The rcp and scp commands is more complicated to use than cp. Only non-Kerberized rcp (see Section 2.3.3) can be used in batch the Mass Storage server and machines outside the AFRL DSRC. This requires that users use non-Kerberized rcp in any batch scripts.

The full rcp path names required to use rcp on the AFRL DSRC systems are:

rcp Path
System Path
Spirit /usr/bin/rcp
Predator /usr/bin/rcp

Since rcp and scp have the same syntax, only rcp is used in the following examples:

Using rcp to store files and/or directories (without creating a tar file):

% rcp file-1 ... file-N ${msas}:dirname

Using rcp to store directories or projects (with a tar file):

Step 1: Create an archive file using tar.

% tar cf tarfile file-1 ... file-N dir-1 ... dir-N

Step 2: Store the archive file created above.

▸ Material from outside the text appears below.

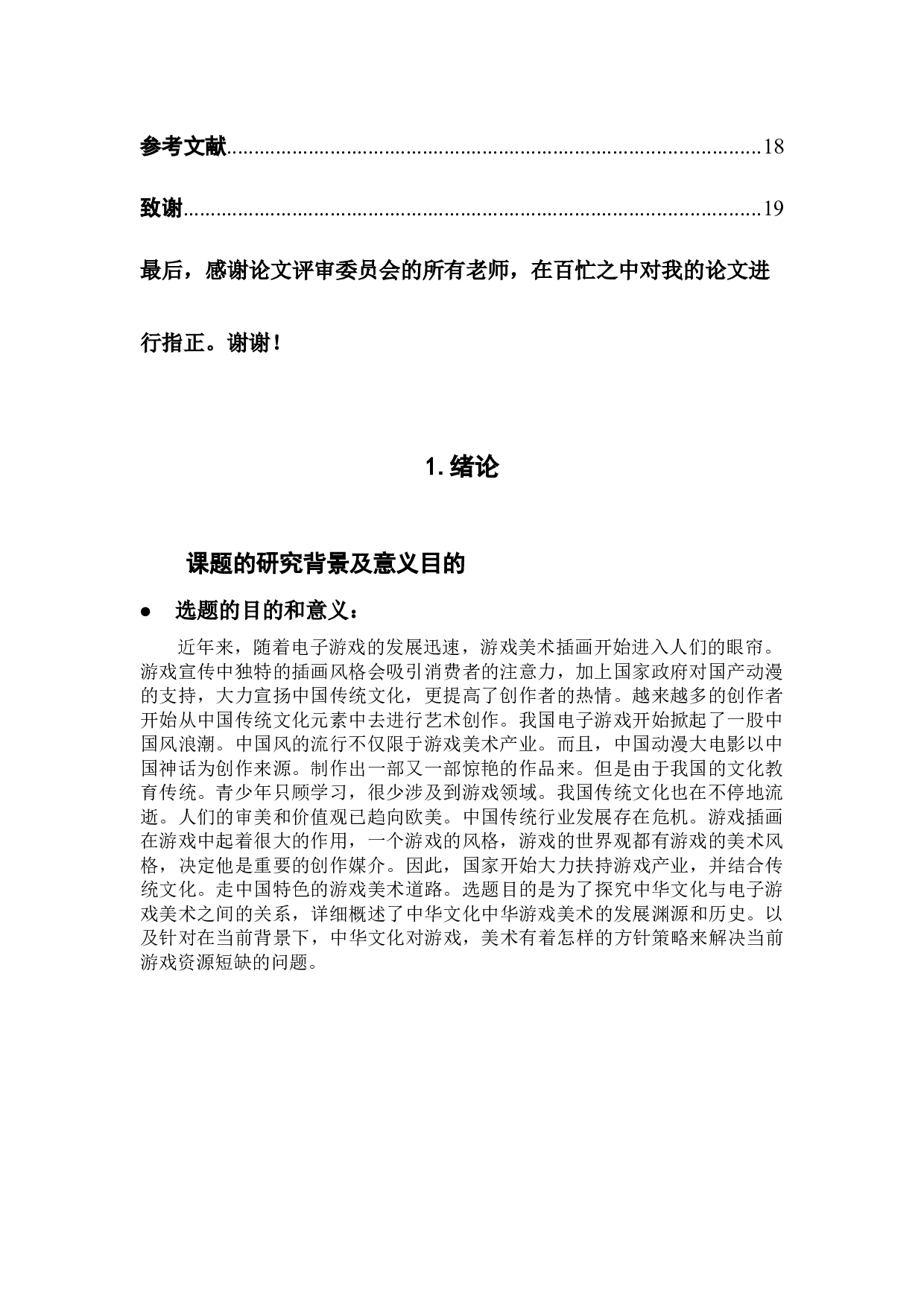 基于对中华文化的研究对中国游戏插画风格-7033字.docx 第5页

% rcp tarfile ${msas}:dirname

Step 3: Remove the local copy.

% rm tarfile

Using rcp to retrieve files and/or directories (without a tar file):

% rcp ${msas}:dirname/file-1 ...

% ${msas}:dirname/file-N .

Using rcp to retrieve directories (with a tar file):

Step 1: Retrieve archive file tarfile.

% rcp ${msas}:dirname/tarfile .

Step 2: Extract from the archive file tarfile.

% tar xf tarfile

Step 3: Remove the tarfile.

% rm tarfile

ftp

ftp commands cannot be incorporated into shell scripts due to security restrictions. Only Kerberized ftp (kftp) can be used to transfer files to and from the Mass Storage server.

Using ftp for storing files and/or directories (without a tar file):

Step 1: Open an ftp session to the Mass Storage server.

% ftp $ARCHIVE_HOST

Step 2: Press the return key to accept the default user name.

username:

Name (msasX:username):<CR>

Step 3: Change to the destination directory dirname on the Mass Storage server.

% cd dirname

Step 4: Put the file(s) to the Mass Storage server.

% put file-1 or mput file-1 ... file-N

Step 5: End the ftp session:

% quit

Using ftp for storing files and/or directories (with a tar file):

Step 1: Create an archive file using tar.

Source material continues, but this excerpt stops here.